From top to bottom, print the listing word for word and skip any pictures it contains.

* * *

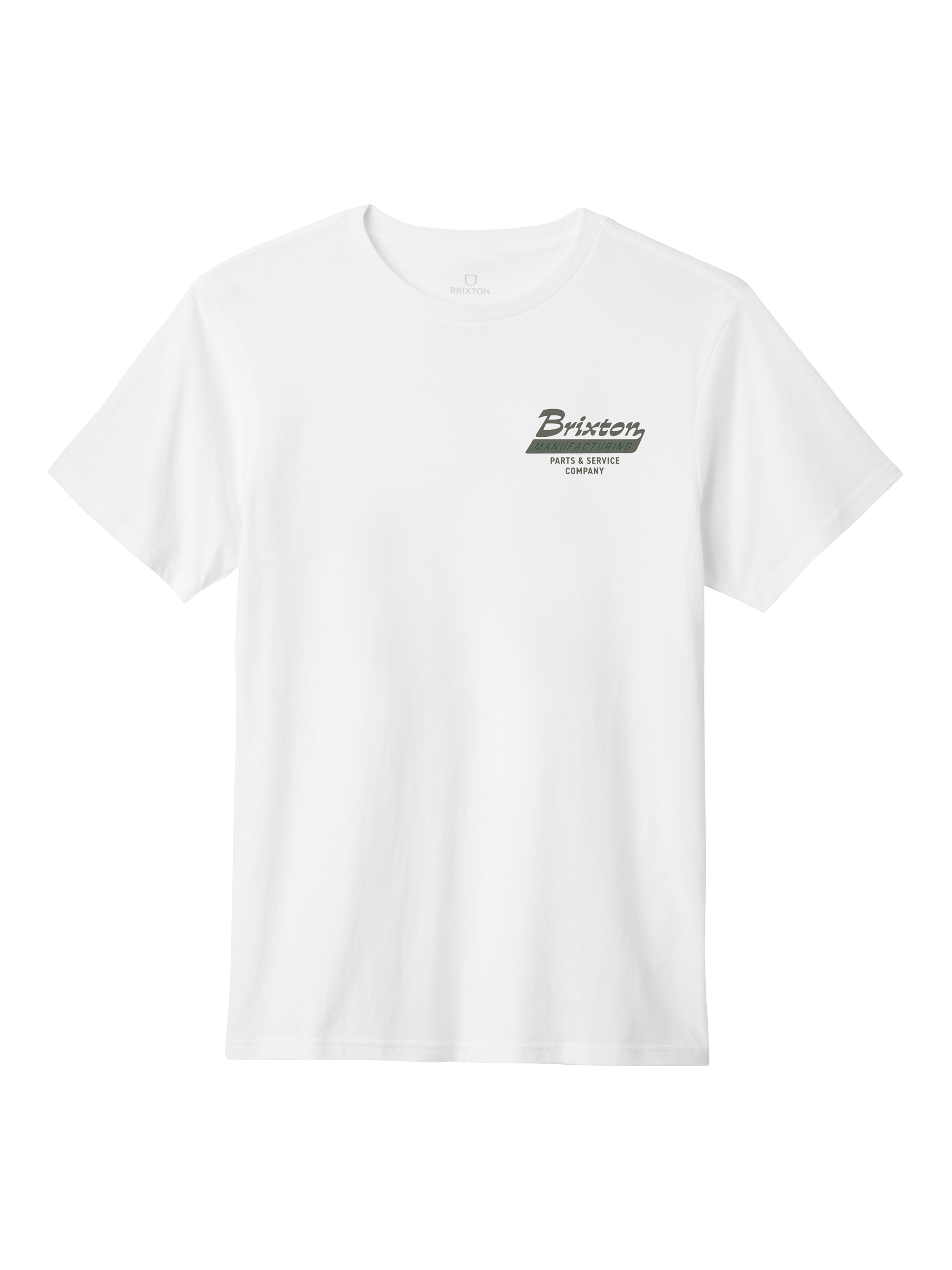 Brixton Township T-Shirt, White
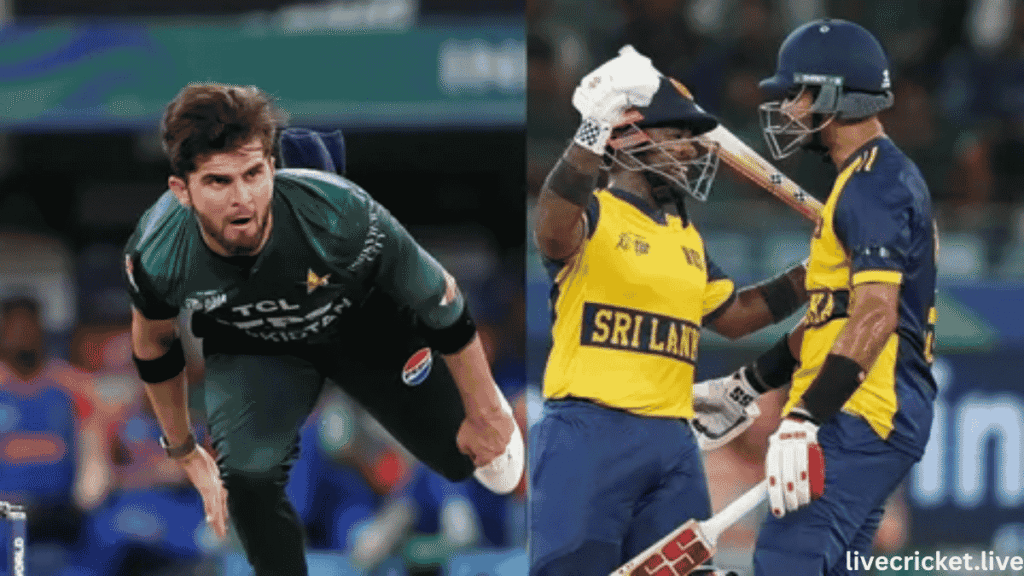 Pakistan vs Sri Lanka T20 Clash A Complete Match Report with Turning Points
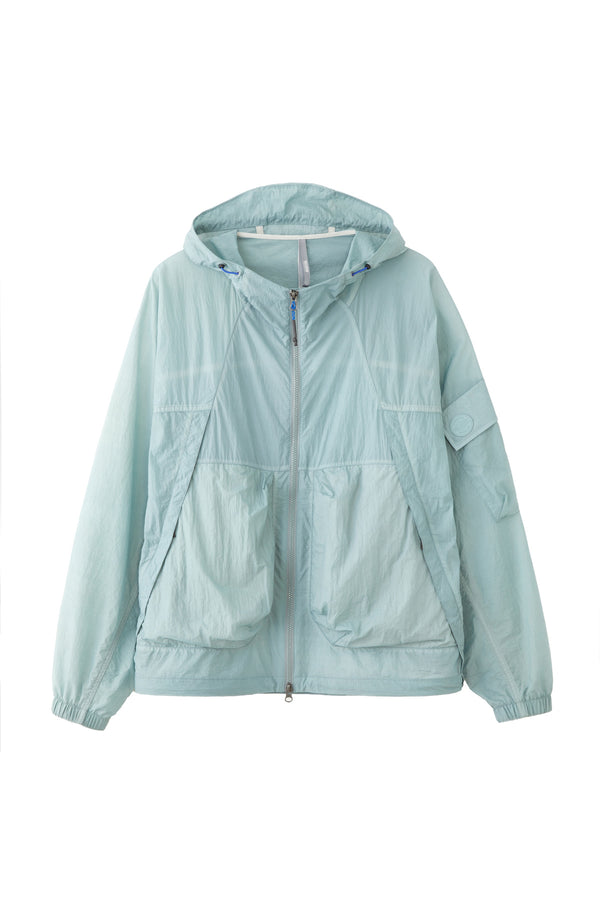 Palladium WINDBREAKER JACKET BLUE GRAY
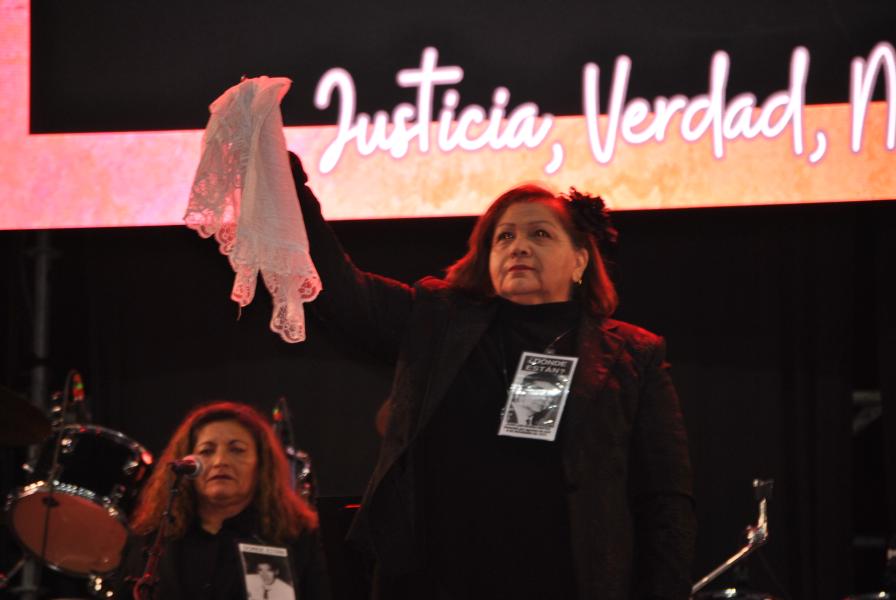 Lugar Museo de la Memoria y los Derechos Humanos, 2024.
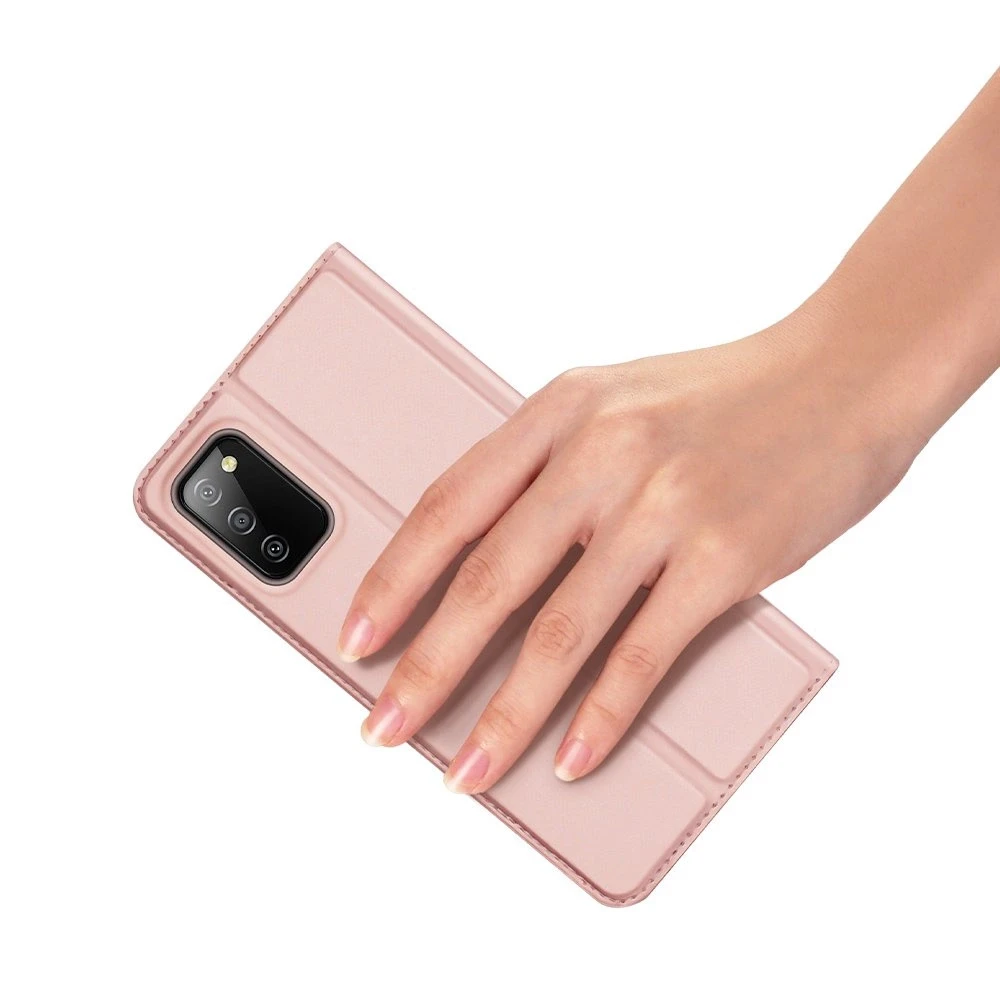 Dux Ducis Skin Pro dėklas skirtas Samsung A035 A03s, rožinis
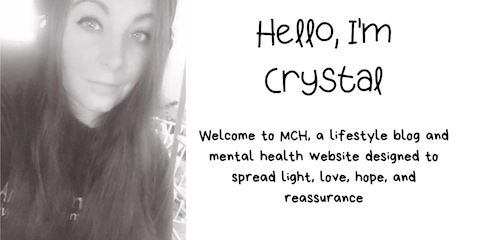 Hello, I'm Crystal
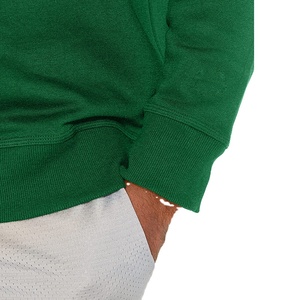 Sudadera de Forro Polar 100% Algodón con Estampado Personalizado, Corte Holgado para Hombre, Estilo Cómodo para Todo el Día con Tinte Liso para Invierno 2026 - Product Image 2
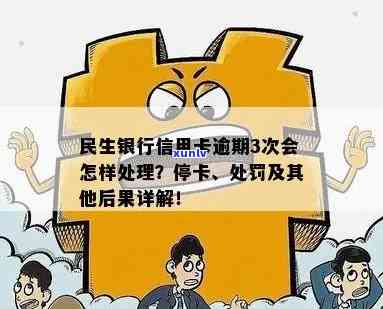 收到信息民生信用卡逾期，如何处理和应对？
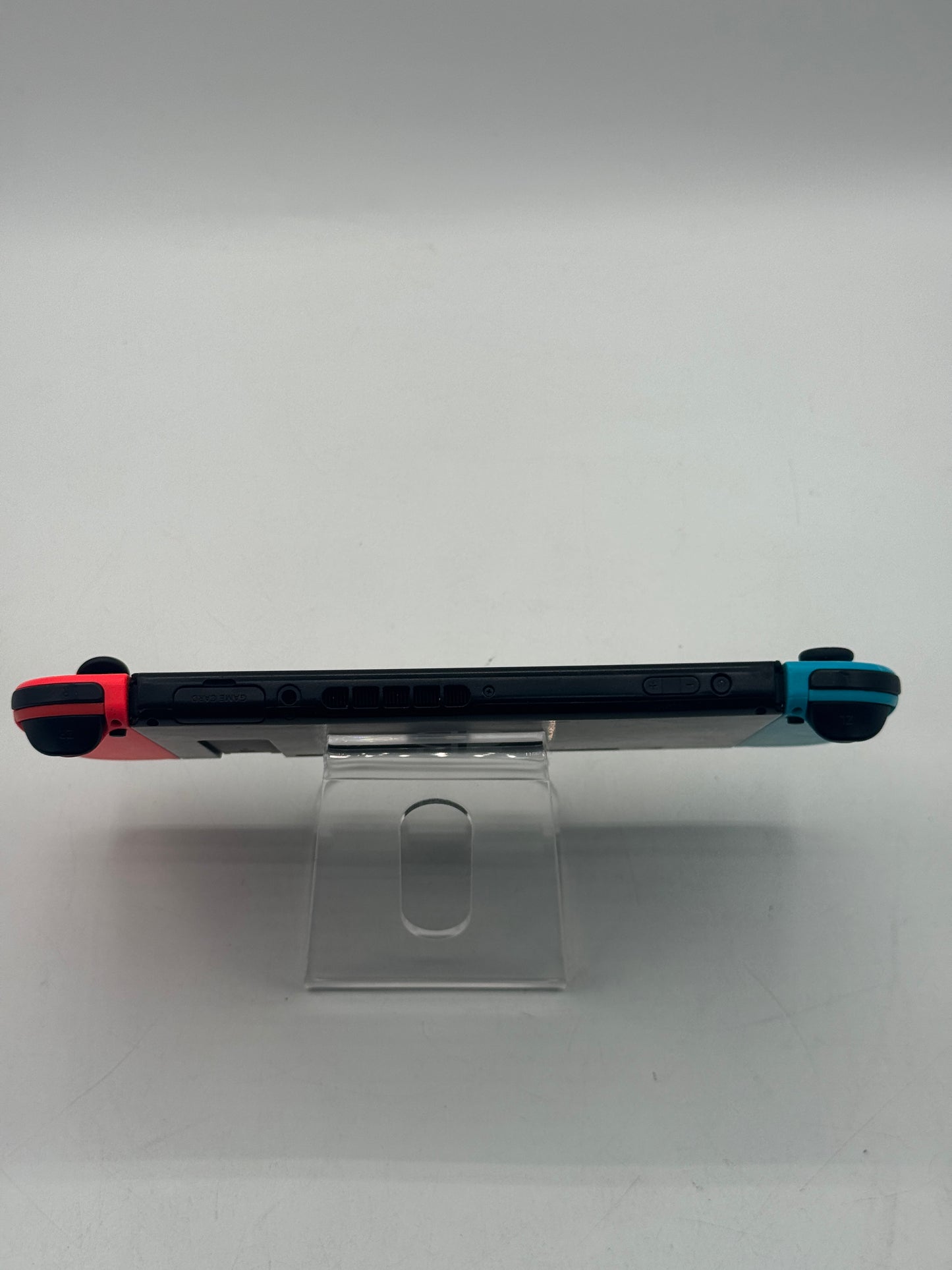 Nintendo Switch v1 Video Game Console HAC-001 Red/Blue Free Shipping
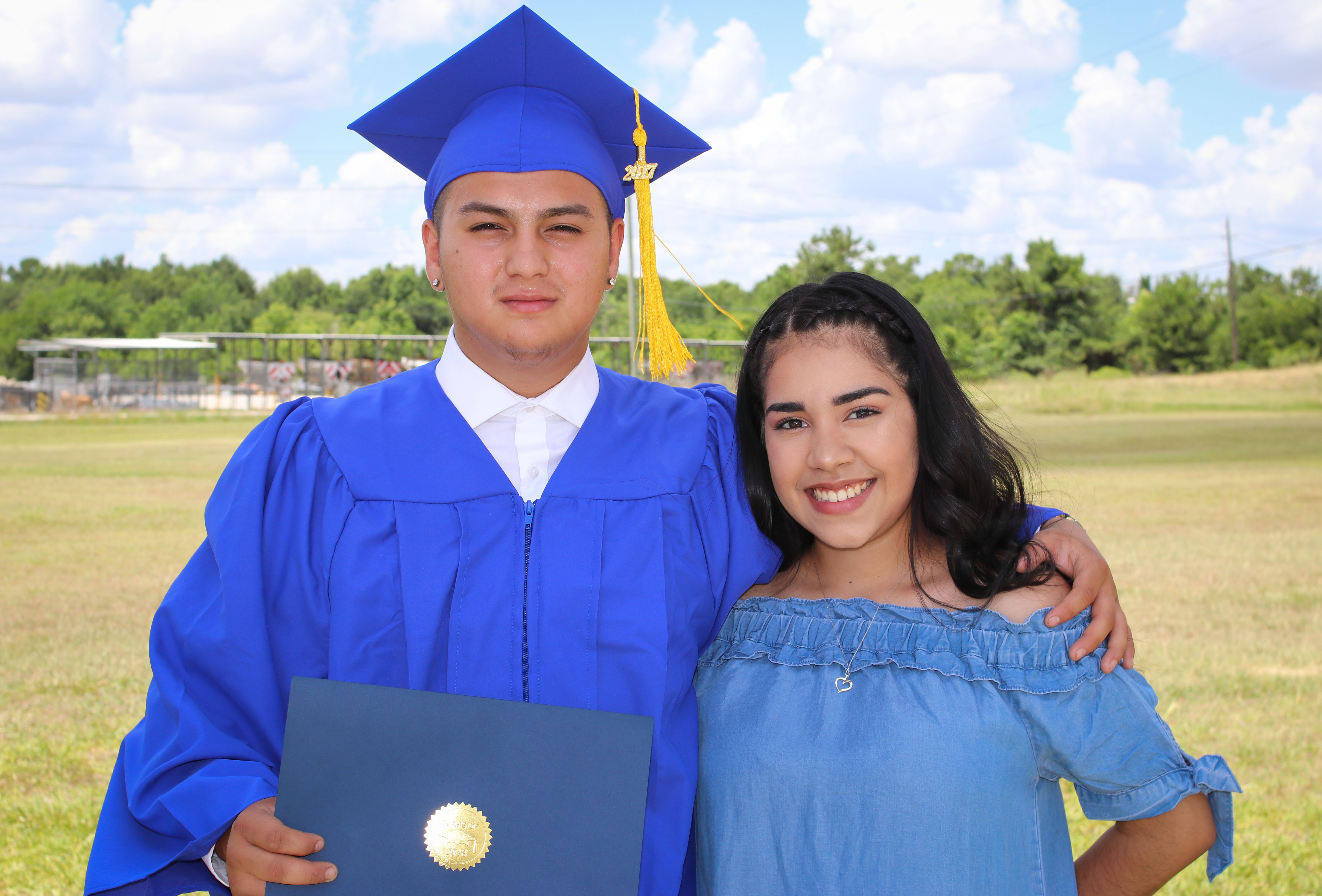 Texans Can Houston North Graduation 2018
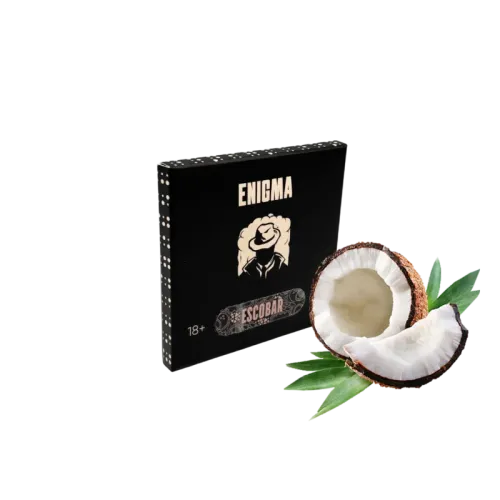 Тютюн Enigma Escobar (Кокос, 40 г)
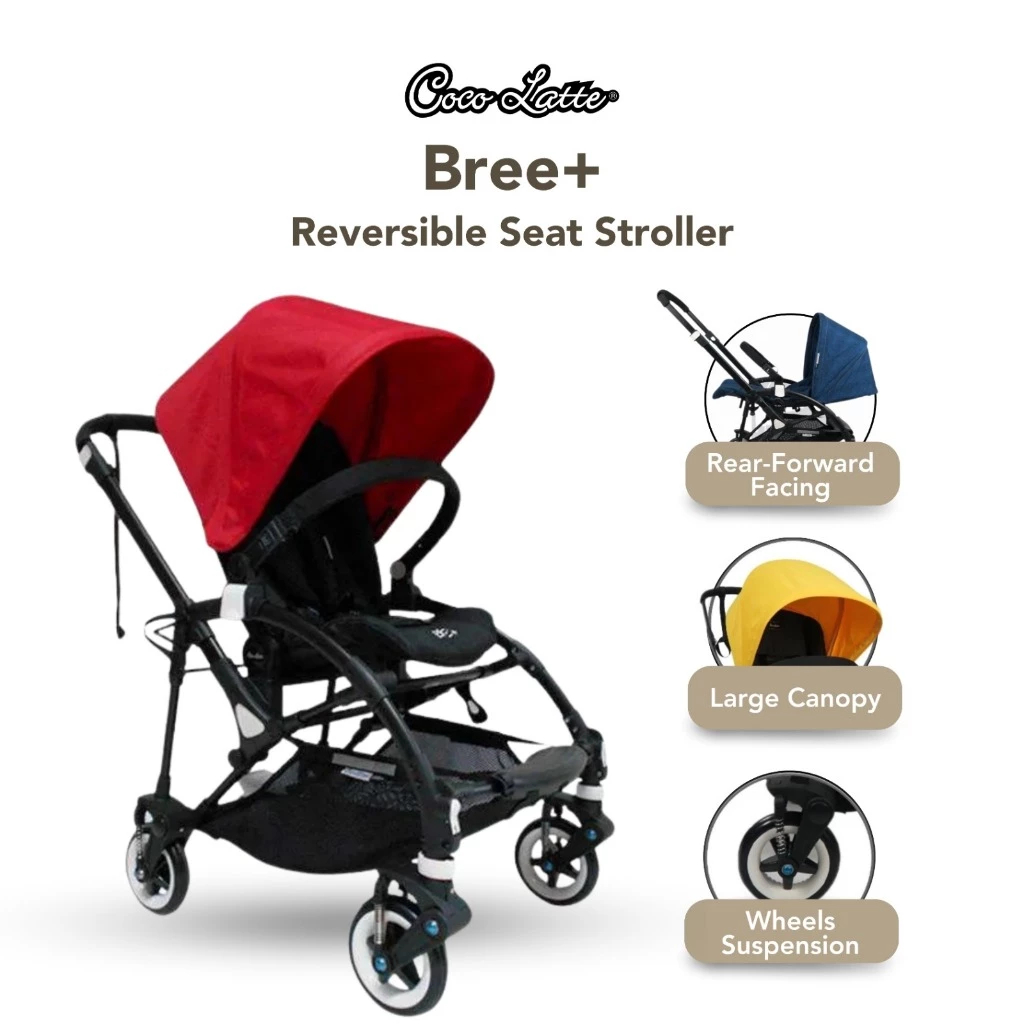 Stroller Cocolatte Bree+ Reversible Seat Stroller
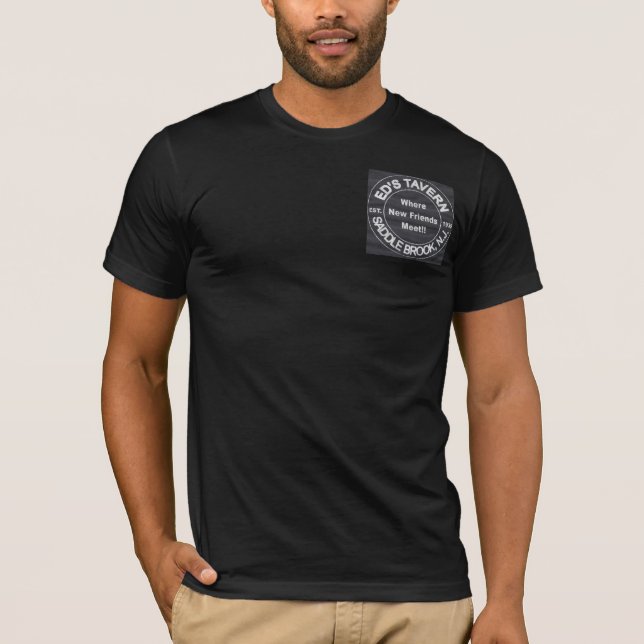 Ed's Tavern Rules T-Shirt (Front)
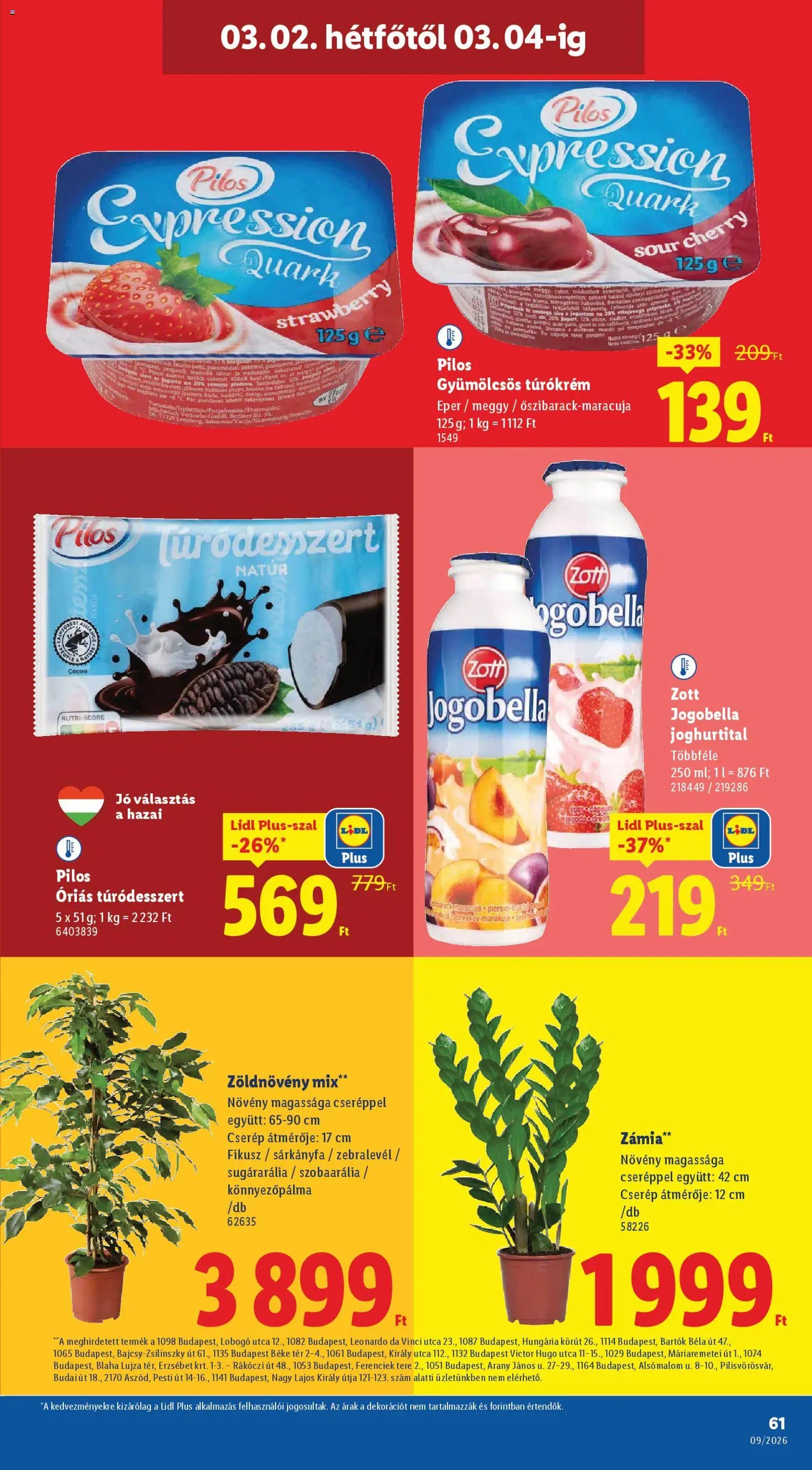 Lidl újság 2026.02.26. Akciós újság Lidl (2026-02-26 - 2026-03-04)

* * *

## ANSWER SPACE
 Brixton Township T-Shirt, White
 Pakistan vs Sri Lanka T20 Clash A Complete Match Report with Turning Points
 Palladium WINDBREAKER JACKET BLUE GRAY
 Lugar Museo de la Memoria y los Derechos Humanos, 2024.
 Dux Ducis Skin Pro dėklas skirtas Samsung A035 A03s, rožinis
 Hello, I'm Crystal
 Sudadera de Forro Polar 100% Algodón con Estampado Personalizado, Corte Holgado para Hombre, Estilo Cómodo para Todo el Día con Tinte Liso para Invierno 2026 - Product Image 2
 收到信息民生信用卡逾期，如何处理和应对？
 Nintendo Switch v1 Video Game Console HAC-001 Red/Blue Free Shipping
 Texans Can Houston North Graduation 2018
 Тютюн Enigma Escobar (Кокос, 40 г)
 Stroller Cocolatte Bree+ Reversible Seat Stroller
 Ed's Tavern Rules T-Shirt (Front)
 Lidl újság 2026.02.26. Akciós újság Lidl (2026-02-26 - 2026-03-04)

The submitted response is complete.